Nakken entered the Giants’ front office’s radar by literally putting herself in front of them. Soon, she’ll do the same with the players, a few of whom she’s already met in Scottsdale.

“October and November, I just started to walk into almost all of our executives’ offices and just ask them, ‘Hey, what’s your take on the status of our organization?’ and just started to learn a little bit more about what they do and what’s their day-to-day,” the 29-year-old said. “And started to hear their thoughts on the transitions happening on the coaching staff and the team side. And I felt like after each conversation, ‘There could be an opportunity for me to come in and help make an impact for this team, this staff.’ What role? I don’t know, but I want to be there. Title? I don’t care, but let me help.”

She began meeting a bit more officially with executives, including Zaidi, Scott Harris and Kapler. The manager and Nakken kept talking, though she said she wasn’t even aware she was being interviewed. Kapler told KNBR she was “off the charts.”

And then Kapler told her what her new title would be.

“That kind of knocked me off my feet a bit,” said Nakken, in her first comments in a group interview as Giants coach. “But it was a great way to kind of encompass all of what I can bring, which includes a lot of collaboration and team and knowing how to work with a variety of different personalities and kind of streamline processes and put them together.”

She knew what she was getting into and mentioned a recent conversation with Rachel Balkovec, a hitting coach in the Yankees organization. They will have stories to share, though Nakken said Kapler and the Giants players she’s met have not offered her warnings about goings-on in the clubhouse. The job will come with challenges unique for a woman in a clubhouse of all male players.

It also will come with questions about the hire, which follows an intense introductory news conference for Kapler, who did not properly handle assault cases involving Dodgers minor leaguers when he was in Los Angeles. Nakken said Kapler addressed the staff prior to the news conference and you “just have to understand the truth and understand the facts and make sure that you’re looking at all the facts that are presented.” She trusts Kapler, she said, though the two haven’t talked personally about the incidents.

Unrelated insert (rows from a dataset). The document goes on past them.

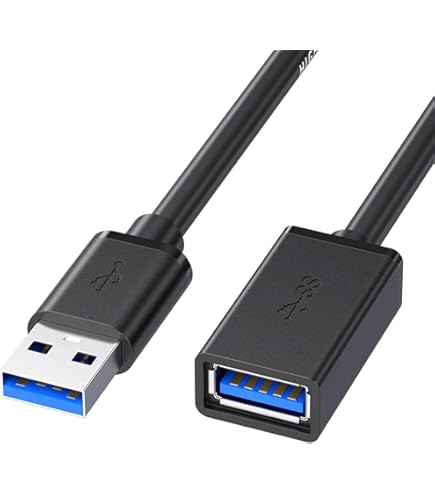 Amazon.co.jp: Access 【 100cm 】USB 延長ケーブル 急速 USB 延長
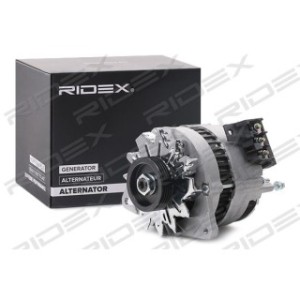 Alternator - RIDEX 4G0524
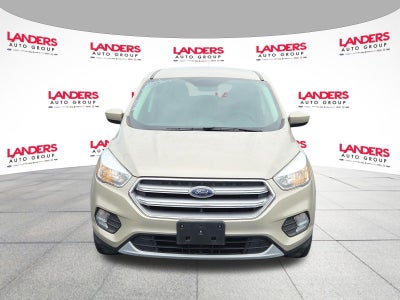 2017 Ford Escape SE FWD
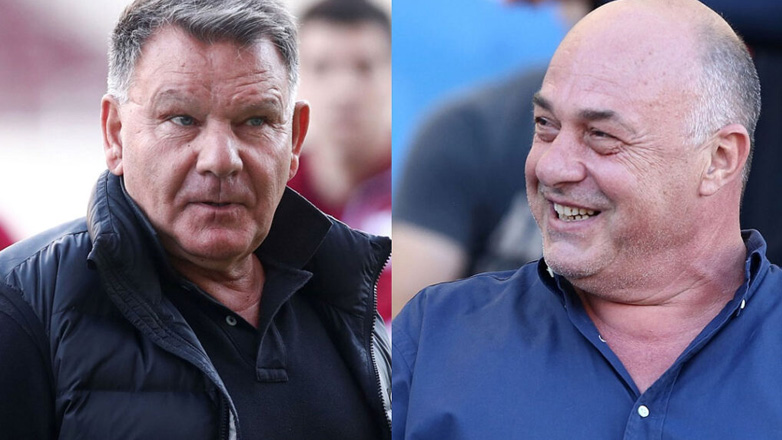 Αχιλλέας Μπέος για Αλέξη Κούγια: «Θα πάω στο Survivor, αν έρθει και εκείνος»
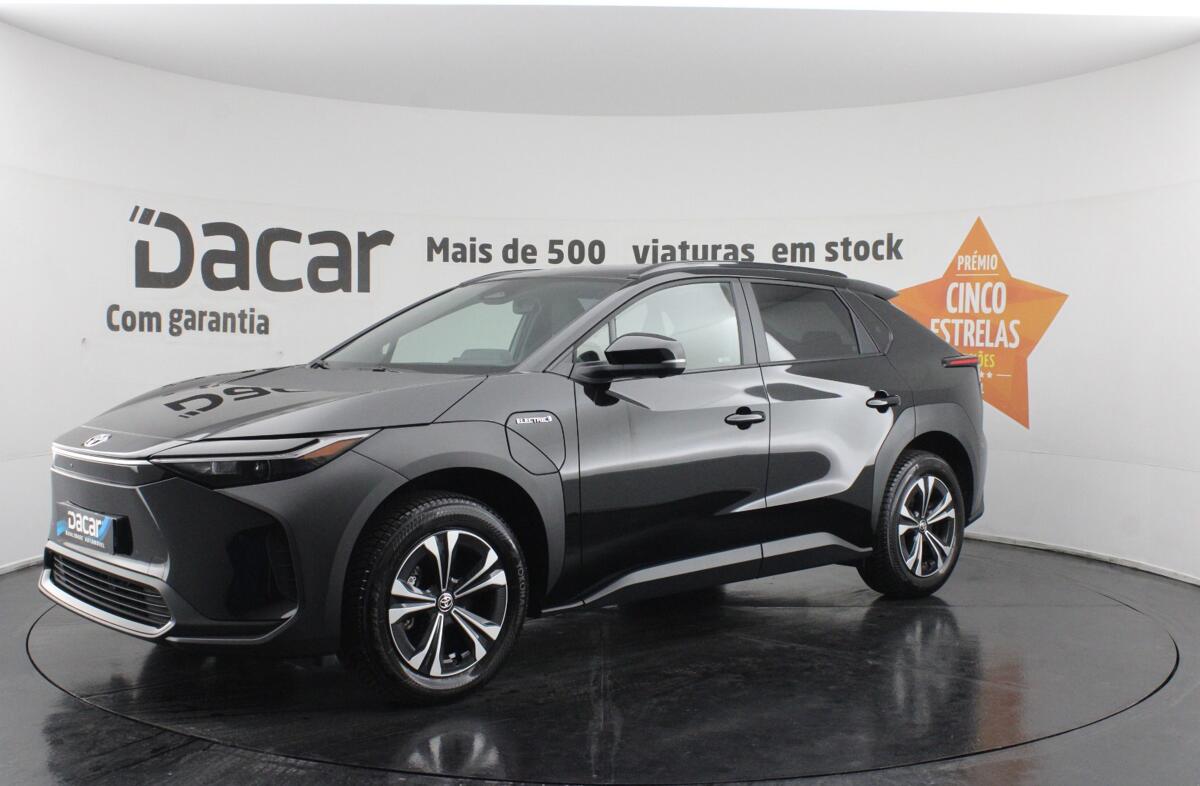 TOYOTA bZ4X 71,4 kWh Exclusive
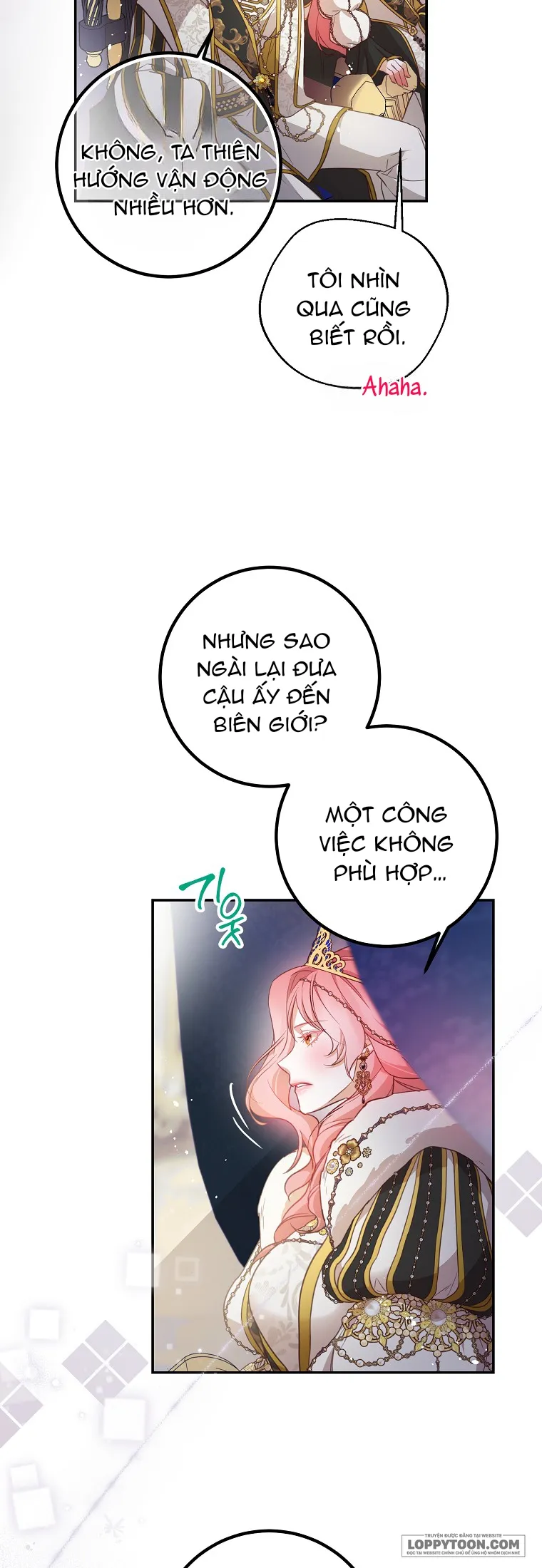 Khi Trái Tim Dẫn Lối Đôi Ta - Chap 47 - Trang 26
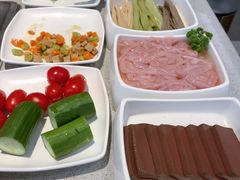 -海底捞火锅(奥体南路店)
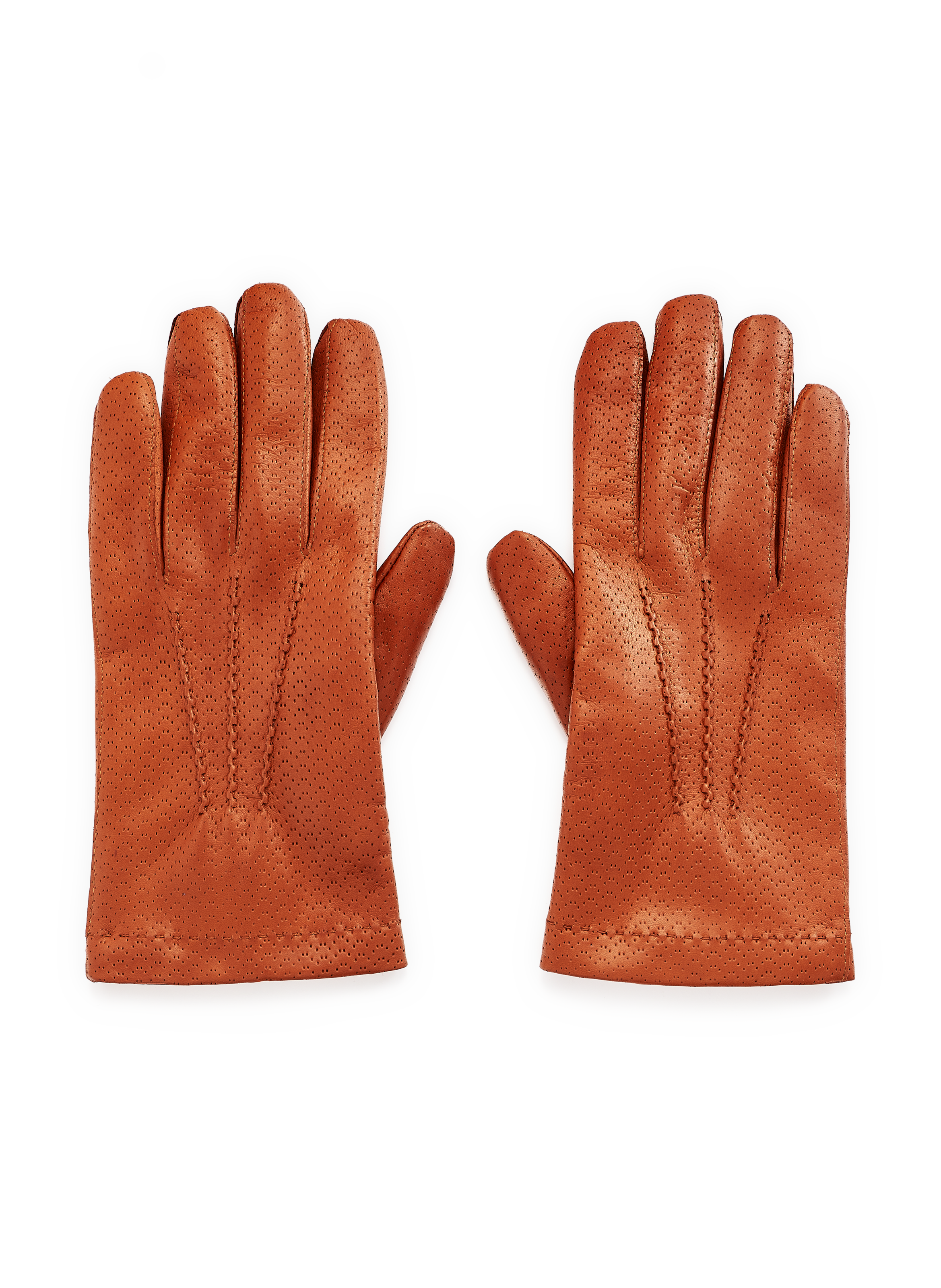 Gants en cuir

The Giants trust her. She has made history, and she knows it.

As a kid, she did not dream about being a professional softball player, despite her abilities, because it didn’t really exist on TV. She had no one to idolize.

The next Alyssa Nakken won’t have that problem.

“This job has kind of been hidden for so long,” she said. “I’m so excited to be in this role for the challenge, and the opportunity to make an impact for this organization that I loved as a fan while growing up and then have loved the last five years for being a part of it and understanding and working with this organization.

“But also I’m excited that now girls can see there is a job on the field in baseball.”